Born in Canada in 1942 to Polish immigrants, the New York University professor said the interviews she conducted with her father since 1967 about his childhood in Poland contributed to her work on the exhibit.

 “He had an extraordinary memory, and it is thanks to him that I really got a sense of not only what life was like before the Holocaust, but I also heard it from someone who had experienced the loss of his family but had not himself directly experienced the trauma [of the Holocaust]… That was a great gift that he gave me, and together we were able to give the world.”

Kirshenblatt-Gimblett complemented her lecture, which coincided with the 75th anniversary of Kristallnacht, with a slideshow and a video that she narrated. It took viewers on a virtual tour of the 43,000-square-foot museum, highlighting its unique architecture and the core exhibition.

She explained how they reconstructed the painted ceiling of a 17th-century wooden synagogue that once stood in Gwozdziec, before the Germans destroyed it.

 “We took historical documentation from before World War I, photographs, renderings… and we proceeded to use traditional tools, materials and techniques… and through a series of painting workshops, [an international team of students, historians, architects and artists] painted all the panels of the wooden ceiling.”

The result is a ceiling where every square inch is painted and is reminiscent of the Sistine Chapel.

Kirshenblatt-Gimblett, who urged her audience to come to Poland to experience the museum first hand, said, “Only in Poland could this museum have the power and impact that we hope it will have.
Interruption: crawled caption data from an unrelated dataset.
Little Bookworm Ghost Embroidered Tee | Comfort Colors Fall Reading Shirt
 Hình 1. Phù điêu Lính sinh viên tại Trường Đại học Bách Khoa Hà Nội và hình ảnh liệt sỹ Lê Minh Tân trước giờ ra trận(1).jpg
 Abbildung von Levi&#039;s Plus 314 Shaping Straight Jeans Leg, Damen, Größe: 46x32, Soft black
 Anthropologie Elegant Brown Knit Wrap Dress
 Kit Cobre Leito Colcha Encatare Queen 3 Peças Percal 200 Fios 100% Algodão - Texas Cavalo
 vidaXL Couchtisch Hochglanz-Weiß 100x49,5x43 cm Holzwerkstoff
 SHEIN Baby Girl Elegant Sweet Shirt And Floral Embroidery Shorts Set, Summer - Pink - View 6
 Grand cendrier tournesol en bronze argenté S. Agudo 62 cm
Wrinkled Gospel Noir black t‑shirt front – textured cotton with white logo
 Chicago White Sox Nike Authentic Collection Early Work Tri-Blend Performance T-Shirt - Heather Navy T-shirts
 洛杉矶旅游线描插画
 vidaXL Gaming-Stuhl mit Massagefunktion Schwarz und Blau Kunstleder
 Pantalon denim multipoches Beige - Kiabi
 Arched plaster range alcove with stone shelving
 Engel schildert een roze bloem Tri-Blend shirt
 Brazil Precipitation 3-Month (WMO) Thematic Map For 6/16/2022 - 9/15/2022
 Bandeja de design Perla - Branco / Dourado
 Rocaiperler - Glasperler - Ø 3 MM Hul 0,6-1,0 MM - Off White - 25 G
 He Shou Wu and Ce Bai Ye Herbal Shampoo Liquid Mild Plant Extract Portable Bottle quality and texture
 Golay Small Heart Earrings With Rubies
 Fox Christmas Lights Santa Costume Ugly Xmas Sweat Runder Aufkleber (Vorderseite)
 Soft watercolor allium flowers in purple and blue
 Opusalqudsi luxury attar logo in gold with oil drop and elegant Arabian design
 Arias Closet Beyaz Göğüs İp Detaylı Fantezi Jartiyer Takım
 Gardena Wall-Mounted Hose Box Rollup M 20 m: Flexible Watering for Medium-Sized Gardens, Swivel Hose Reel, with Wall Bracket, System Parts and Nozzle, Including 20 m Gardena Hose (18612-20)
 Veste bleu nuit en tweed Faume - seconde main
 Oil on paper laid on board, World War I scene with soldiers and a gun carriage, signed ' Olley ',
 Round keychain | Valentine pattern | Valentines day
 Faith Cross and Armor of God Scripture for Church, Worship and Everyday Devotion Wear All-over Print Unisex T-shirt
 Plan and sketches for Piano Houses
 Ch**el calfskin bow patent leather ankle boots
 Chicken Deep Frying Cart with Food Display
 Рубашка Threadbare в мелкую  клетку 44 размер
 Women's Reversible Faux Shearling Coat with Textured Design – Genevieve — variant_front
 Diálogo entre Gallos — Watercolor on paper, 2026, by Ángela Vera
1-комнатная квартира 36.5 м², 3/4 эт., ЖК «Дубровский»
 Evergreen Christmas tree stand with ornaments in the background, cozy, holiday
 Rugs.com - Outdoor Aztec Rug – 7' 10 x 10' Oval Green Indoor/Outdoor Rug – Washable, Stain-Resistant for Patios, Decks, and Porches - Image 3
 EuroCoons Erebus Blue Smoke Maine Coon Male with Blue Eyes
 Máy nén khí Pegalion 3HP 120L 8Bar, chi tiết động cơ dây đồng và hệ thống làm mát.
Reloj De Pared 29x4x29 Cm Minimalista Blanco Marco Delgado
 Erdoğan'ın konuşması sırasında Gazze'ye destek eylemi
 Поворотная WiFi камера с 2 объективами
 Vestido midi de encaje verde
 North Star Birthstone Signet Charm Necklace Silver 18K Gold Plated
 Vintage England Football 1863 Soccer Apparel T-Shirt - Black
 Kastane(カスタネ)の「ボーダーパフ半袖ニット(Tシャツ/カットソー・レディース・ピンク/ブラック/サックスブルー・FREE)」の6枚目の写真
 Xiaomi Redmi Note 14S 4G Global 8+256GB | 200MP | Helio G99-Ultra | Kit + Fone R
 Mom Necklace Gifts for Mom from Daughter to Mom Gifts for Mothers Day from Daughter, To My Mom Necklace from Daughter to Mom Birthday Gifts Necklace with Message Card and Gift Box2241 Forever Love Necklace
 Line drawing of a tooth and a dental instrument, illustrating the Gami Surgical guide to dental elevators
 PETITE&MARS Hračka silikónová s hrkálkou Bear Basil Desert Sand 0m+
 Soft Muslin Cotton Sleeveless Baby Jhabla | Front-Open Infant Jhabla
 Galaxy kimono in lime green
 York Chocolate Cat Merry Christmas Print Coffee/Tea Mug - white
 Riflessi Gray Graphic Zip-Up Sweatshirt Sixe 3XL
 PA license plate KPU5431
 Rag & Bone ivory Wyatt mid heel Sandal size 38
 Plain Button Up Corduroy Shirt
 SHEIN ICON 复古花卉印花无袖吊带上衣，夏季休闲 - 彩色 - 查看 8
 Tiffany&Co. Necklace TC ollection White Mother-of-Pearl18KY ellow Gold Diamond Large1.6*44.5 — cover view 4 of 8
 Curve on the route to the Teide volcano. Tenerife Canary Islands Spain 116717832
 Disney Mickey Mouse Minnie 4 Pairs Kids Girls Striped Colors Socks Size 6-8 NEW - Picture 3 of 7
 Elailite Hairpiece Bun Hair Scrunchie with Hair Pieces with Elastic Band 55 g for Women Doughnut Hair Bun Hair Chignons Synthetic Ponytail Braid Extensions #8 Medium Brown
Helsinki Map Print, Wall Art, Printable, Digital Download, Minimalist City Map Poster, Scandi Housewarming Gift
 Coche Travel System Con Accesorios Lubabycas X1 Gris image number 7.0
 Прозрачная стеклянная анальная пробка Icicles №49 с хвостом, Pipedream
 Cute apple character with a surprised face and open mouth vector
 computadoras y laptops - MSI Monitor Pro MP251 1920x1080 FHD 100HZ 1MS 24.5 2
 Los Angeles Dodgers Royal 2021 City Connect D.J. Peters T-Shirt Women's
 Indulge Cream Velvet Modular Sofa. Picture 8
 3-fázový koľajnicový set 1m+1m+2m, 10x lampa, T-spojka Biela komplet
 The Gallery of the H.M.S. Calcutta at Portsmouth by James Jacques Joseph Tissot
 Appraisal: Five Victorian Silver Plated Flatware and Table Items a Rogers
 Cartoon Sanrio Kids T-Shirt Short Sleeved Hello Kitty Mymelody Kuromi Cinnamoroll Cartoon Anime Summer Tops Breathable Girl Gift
We believe the void created by the Holocaust will be felt even more deeply [in Poland], the sense of the magnitude of what was lost, the lives that were lost, the world that was lost.”

In spite of the tremendous loss of three million Polish Jews during the Holocaust, she insisted that Jews are still an integral part of Poland.

“They are not only in Poland, but of Poland. The history of Poland is not complete without a history of Polish Jews, and Polish Jews are not a footnote in Polish history.”

Before Kirshenblatt-Gimblett took to the podium, five Holocaust survivors – Yael Spier Cohen, Martin Maxwell, Alexander Eisen, Miriam Rosenthal and Joseph Gottdenker – took part in a candlelighting ceremony. Peter Jassem, who only learned of his father’s Jewish roots later in life and has since assumed a position as the Polish Jewish Heritage Foundation chair, also lit a candle in honour of the victims of the Holocaust.

Germany’s consul general, Walter Stechel, addressed the gathering about the events leading up to Adolf Hitler’s rise to power and the subsequent systematic persecution of Europe’s Jewish population.

He said the anniversary of Kristallnacht is a reminder that Germany’s history “carries the burden of guilt, but since [the fall of the Berlin Wall in] 1989, we can perhaps hope that this date might one day stand not only for guilt and atonement, but also for redemption, because how can we live without hope for redemption, and what would be the value of redemption without the weight of memory?”  

Since the fall of communism, Kirshenblatt-Gimblett said, there has been a revival of Jewish life in Poland, and she hopes the museum will contribute to that renewal.

“Generally, Holocaust memorials begin with hate and end with genocide. But the Museum of the History of Polish Jews… begins with a revival of Jews coming from the West, settling in Poland, taking the history all the way to the present. There is a Jewish community in Poland. It is small, but there is a renewal of Jewish life on a small scale. I believe that the museum is going to play an important role in the renewal of Jewish life.”